»»

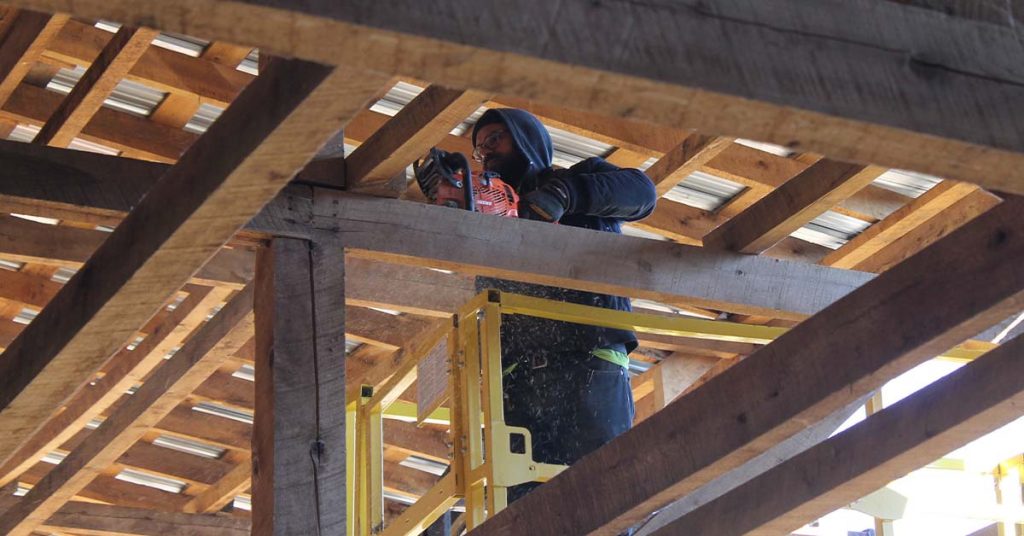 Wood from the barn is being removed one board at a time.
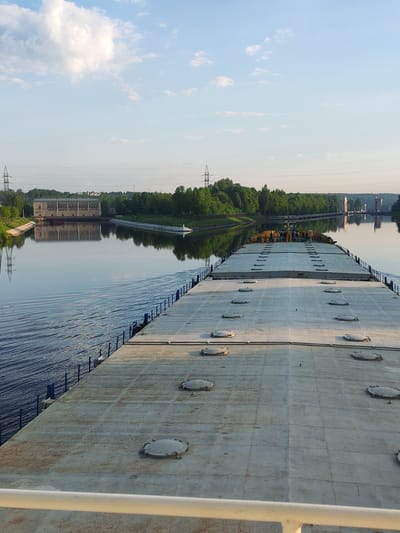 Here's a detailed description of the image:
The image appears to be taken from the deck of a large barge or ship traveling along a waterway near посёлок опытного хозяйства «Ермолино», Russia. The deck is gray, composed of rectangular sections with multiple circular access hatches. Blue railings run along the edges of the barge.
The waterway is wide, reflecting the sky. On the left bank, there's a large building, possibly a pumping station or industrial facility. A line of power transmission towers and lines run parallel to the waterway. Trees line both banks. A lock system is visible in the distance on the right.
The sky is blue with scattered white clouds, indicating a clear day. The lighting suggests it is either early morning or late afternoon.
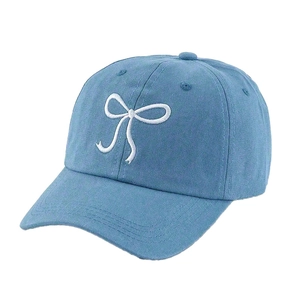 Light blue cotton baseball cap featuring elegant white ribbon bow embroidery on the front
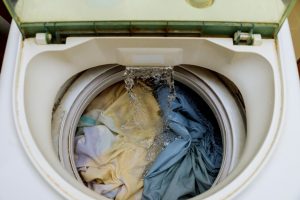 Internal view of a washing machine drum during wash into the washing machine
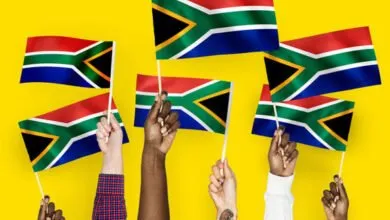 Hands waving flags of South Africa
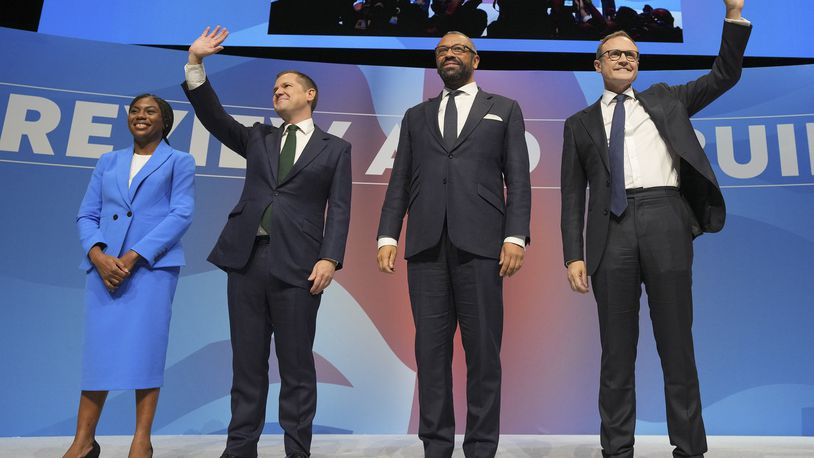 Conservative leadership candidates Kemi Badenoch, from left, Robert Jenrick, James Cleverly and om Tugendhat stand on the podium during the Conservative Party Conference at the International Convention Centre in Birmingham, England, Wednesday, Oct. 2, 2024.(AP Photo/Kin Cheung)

««

- **Activity**
Omit pictures; set down the rest of the material word for word.

- **Completed task**
 Wood from the barn is being removed one board at a time.
 Here's a detailed description of the image:
The image appears to be taken from the deck of a large barge or ship traveling along a waterway near посёлок опытного хозяйства «Ермолино», Russia. The deck is gray, composed of rectangular sections with multiple circular access hatches. Blue railings run along the edges of the barge.
The waterway is wide, reflecting the sky. On the left bank, there's a large building, possibly a pumping station or industrial facility. A line of power transmission towers and lines run parallel to the waterway. Trees line both banks. A lock system is visible in the distance on the right.
The sky is blue with scattered white clouds, indicating a clear day. The lighting suggests it is either early morning or late afternoon.
 Light blue cotton baseball cap featuring elegant white ribbon bow embroidery on the front
 Internal view of a washing machine drum during wash into the washing machine
 Hands waving flags of South Africa
 Conservative leadership candidates Kemi Badenoch, from left, Robert Jenrick, James Cleverly and om Tugendhat stand on the podium during the Conservative Party Conference at the International Convention Centre in Birmingham, England, Wednesday, Oct. 2, 2024.(AP Photo/Kin Cheung)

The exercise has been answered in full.